I grew up in suburbia during the 60’s, where mothers let their children play freely outdoors , only calling them in come dinnertime. I was small for my age, but so desired freedom that I borrowed my best friend’s older sister’s bicycle. Now I had wheels! I tied wooden blocks onto the pedals with bungee cord so I could reach them. Certainly not fashion forward, but that was fine with me because now I was free to fly!
After school Karen (b.f. in question) and I would take the egg sandwiches that her mother had prepared for us along with her specialty, homemade Rice Krispie treats into the nearby fields and had a picnic. I felt free, happy and safe.
I don’t think I have felt safe since then.
Last week I surprised my roommate Lorraine with a getaway to celebrate her sixtieth birthday. I rented a teeny tiny cottage on the shores of Lake Simcoe that accepted dogs, so that Lucille too could enjoy the celebration. My bedroom faced directly onto the lake, where I woke to the soft lapping of the water. I, who have always had music playing in the background of my life, forgo music to listen solely to that soothing sound.
I took Lorraine to this quaint lake side inn near our cottage for her birthday dinner.
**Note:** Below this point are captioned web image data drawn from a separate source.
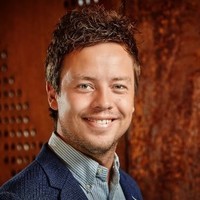 Rasmus Gade Østergaard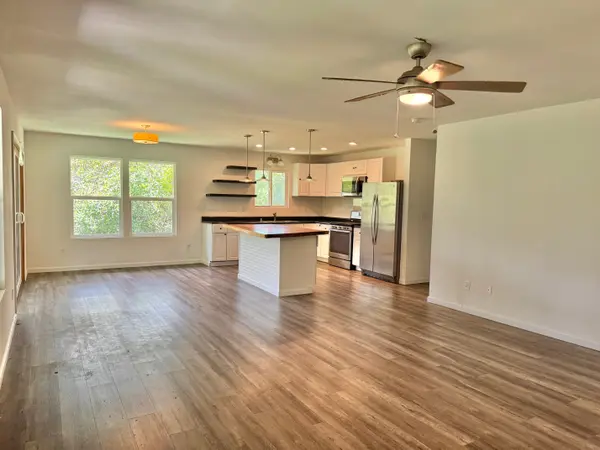 13-3360 KUPONO ST, Pahoa, HI 96778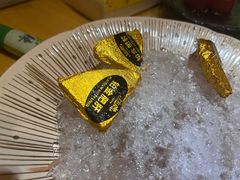 -吉兆·料理(红梅南路店)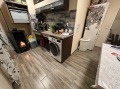 Продава 4-СТАЕН, град Варна, Кайсиева градина • 155900 € • 95879303 — Holmes.bg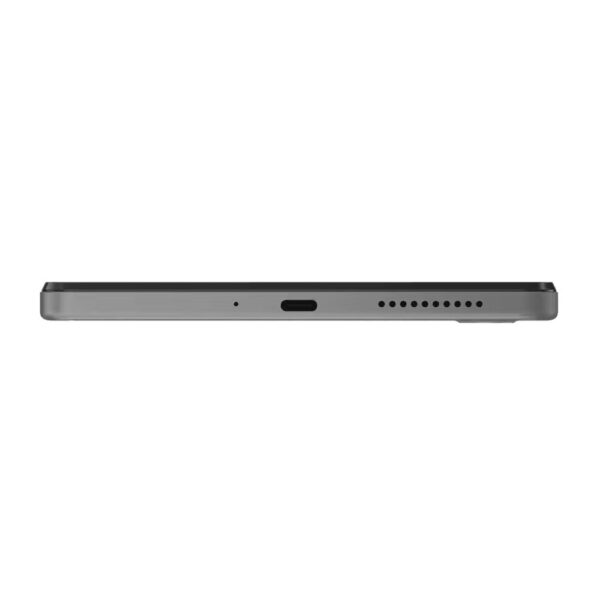 Tableta Lenovo Tab M8 (4th Gen) 2024 TB301XU, 8" - ZAD10000GR_3Y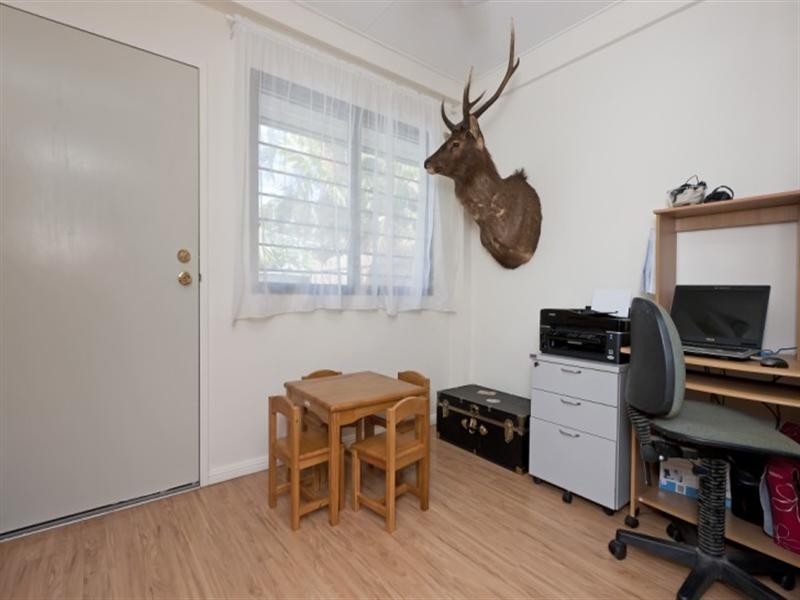 38 Borella Circuit, Jingili NT 0810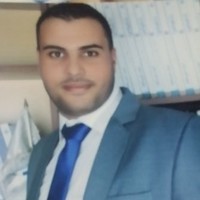 Qasem Alsafdi qasim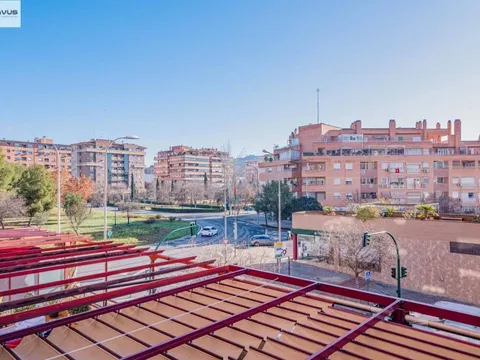 Pis de 95 m² a Granada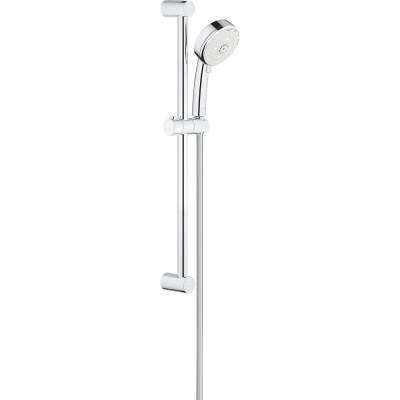 Душевой гарнитур Grohe Tempesta Cosmopolitan 100 IV 27580002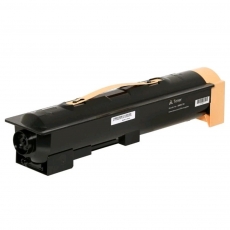 006R01159 Compatible Xerox Black Toner (20000 pages)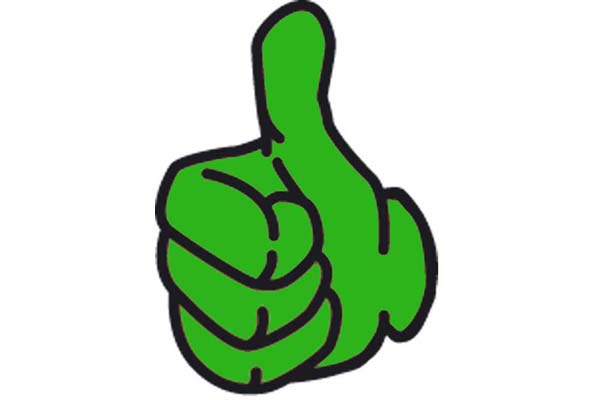 Praktikum - So geht´s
We were having an enjoyable evening when she started talking about a project she is working on. She began talking louder and louder about the unscrupulous people she is being forced to work with, and how everyone is corrupt. Suddenly, in the middle of her diatribe, I began to feel extremely sad. As I sat across from her trying to stay calm I could not stop a torrent of tears from streaming. I excused myself and went outside to catch my breath and right myself. What tripped me over the edge? I’m not 100% certain, but just before I began to cry, I kept thinking:
I am alone and unsafe, and will be alone for the rest of my days.
I had a sense that her anger and her frustration with her colleagues, spilled over onto me energetically, making me feel alone and scared. I took a few deep breaths, told myself that I was safe, went back into the inn. I somewhat calmly told Lorraine that I really wanted to support her in this frustrating time, but I needed her to do her best and contain herself.
This conversation of course, was a variation of the hundreds we have had over the years, never to be resolved. I kept trying to make Lorraine understand that she is responsible for her energy, but I don’t think she thinks she is responsible nor does she want to be responsible.
I however, can and must be responsible for my energy. The next morning I got up early and took Lucille for a quiet walk around the lake. Thoughts about what had transpired last night were forefront on my mind. How can I feel safe? What would safety look like for me?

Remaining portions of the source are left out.